Your rights · UK & US
The right to be forgotten
You can legally require companies to delete your personal data. In the UK it's the right to erasure — Article 17 of the GDPR. In the US it's the CCPA right to delete and its state-law siblings. Here's how each works, a letter you can send today, and the honest part: why deletion often doesn't stay deleted.
United Kingdom — GDPR Article 17
You can demand erasure when the data is no longer necessary for its original purpose, when you withdraw consent, when it was processed unlawfully — or, most usefully against brokers and marketers, when you object to processing. For direct marketing the objection is absolute: they must stop, no balancing test.
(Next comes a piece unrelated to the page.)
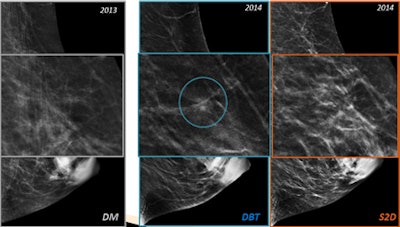 A 48-year-old woman. Synthetic 2D was able to exclude a potential tiny distortion. Left: Digital mammography. Center: DBT. Right: Synthetic 2D.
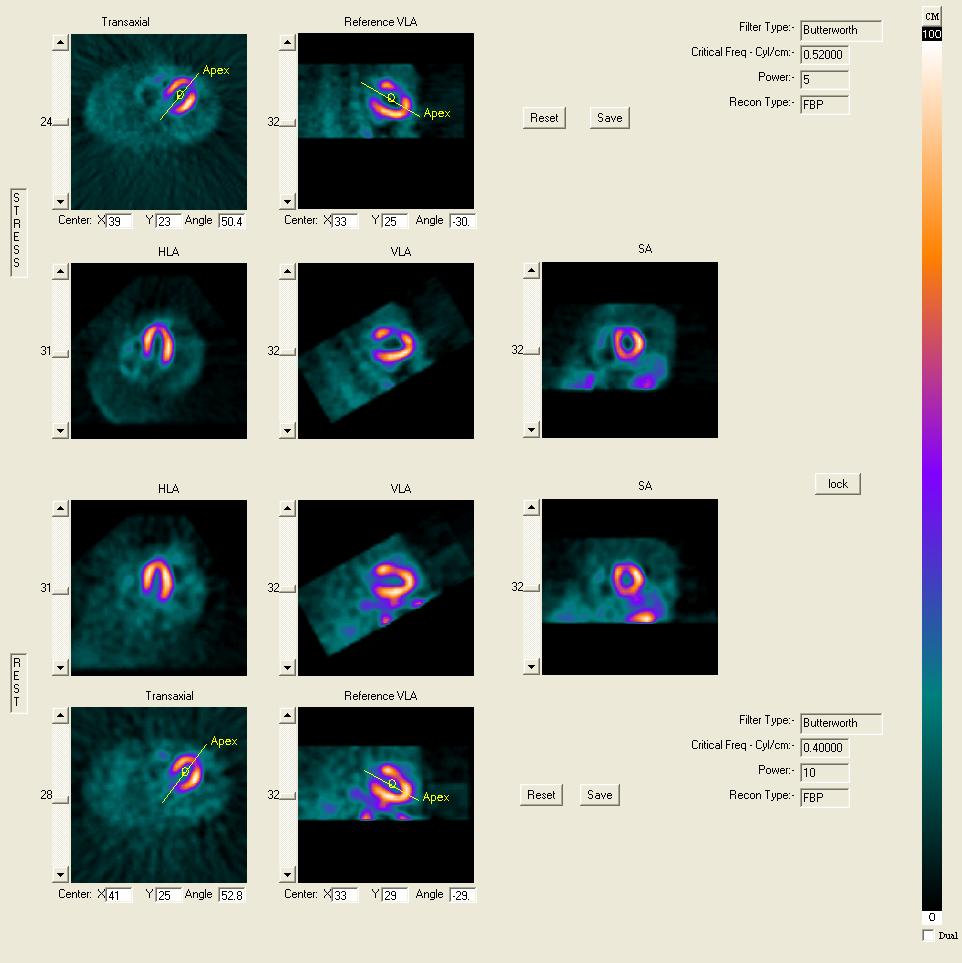 2 36 The Emory Reconstruction Toolbox Application Re-Orienting Images Following reconstruction, a new image screen is displayed for image reorientation (shown in Figure 2-20).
The organisation has one calendar month, must pass the erasure on to anyone it disclosed your data to (Article 19), and can only refuse by naming a specific exemption — legal obligations, legal claims, journalism and a few others. “We need it for marketing” is not one of them.
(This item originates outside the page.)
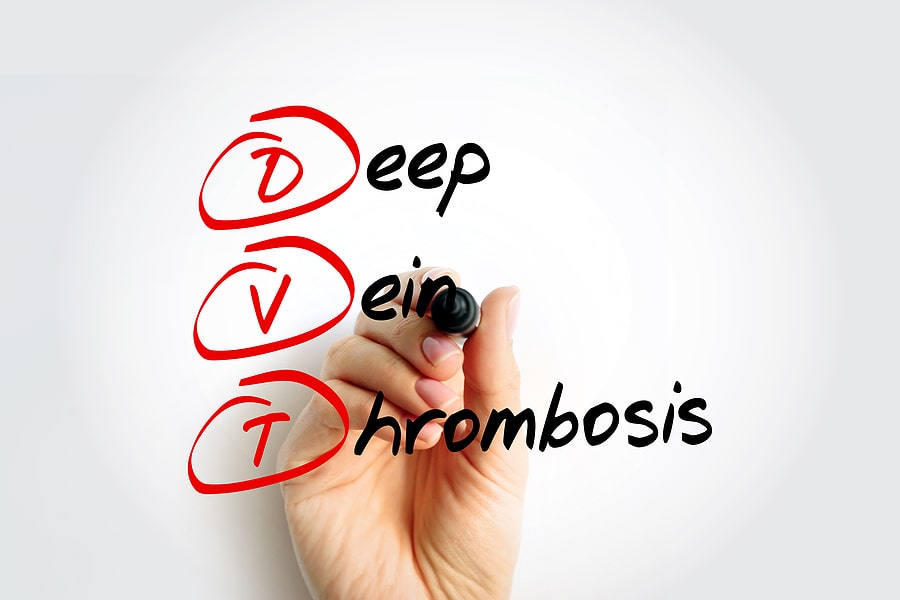 DVT Deep Vein Thrombosis Tampa Cardio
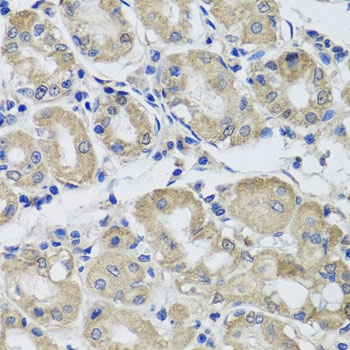 ST8SIA2 Antibody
United States — CCPA deletion & state laws
California residents can require businesses to delete personal information collected from them, with a 45-day response window. Virginia, Colorado, Connecticut, Texas and other state laws carry similar deletion rights. Exceptions exist for transactions, security and legal compliance — but as in the UK, data brokers can rarely claim them.
For data brokers specifically, California's Delete Act goes one step further: a single request through the state's DROP platform reaches every registered broker at once. How the Delete Act works.
The erasure letter
Fill in the brackets and email it to the company's privacy or DPO contact. It bundles the erasure right with the absolute marketing objection, and asks them to propagate the deletion downstream — the part most template letters miss.
Subject: Erasure request — [Your full name] Dear Data Protection Officer, I am exercising my right to erasure under Article 17 of the UK GDPR, and my right to object to processing for direct marketing purposes under Article 21(2). Please erase all personal data you hold about me, including but not limited to my name, contact details, address history, and any profile or derived data. Where you have disclosed my data to other organisations, Article 19 requires you to inform them of this erasure — please confirm you have done so. Information to help you locate my records: - Full name: [Your full name] - Email address(es): [Email addresses the company may hold] - Postal address: [Your address, if relevant] Please confirm completion in writing within one calendar month. If you believe an exemption applies to any of my data, identify the exemption and the data it covers. Yours faithfully, [Your full name] [Date]
Google and search results
The phrase “right to be forgotten” originally comes from a 2014 European court ruling about search engines. In the UK and EU you can ask Google to de-list results about you, weighed against public interest. But de-listing only hides the result — the page underneath stays live and keeps being sold. The full picture is in our Google removal guide.
Erasure is a right. Enforcement is a grind.
Brokers re-list deleted profiles within months, and every one needs its own letter, chase and check. BLACKEYES exercises your erasure rights across hundreds of brokers and keeps watching afterwards. See where your data is first — free.
Run my free exposure checkFAQ
Is the right to be forgotten absolute?
No. An organisation can retain data it genuinely needs for legal obligations, ongoing contracts, legal claims, or certain public-interest purposes — but it must say which exemption it relies on. For data brokers and marketing lists the exemptions rarely apply: the objection to direct marketing under Article 21(2) is absolute.
Does the right to be forgotten exist in the US?
Not as a single national right. California’s CCPA/CPRA provides a right to delete, and most other state privacy laws include one. The California Delete Act goes further for data brokers specifically — one request through the state’s DROP platform reaches every registered broker.
How long does erasure take?
Legally: one calendar month in the UK, 45 days under the CCPA. In practice brokers vary wildly — some comply in days, others need chasing, and republication months later is common, which is why one-off erasure often isn’t the end of it.
Can I make Google forget me?
You can ask Google to de-list search results about you in the UK/EU under the original “right to be forgotten” ruling, weighed against public interest. De-listing hides the result; the source page survives. Our Google removal guide covers both halves.
What if a company refuses or just ignores me?
Put your complaint to them in writing once, keep the dated copies, then escalate — to the ICO in the UK, or your state attorney general (and the CPPA in California) in the US. Regulators act on exactly this paper trail.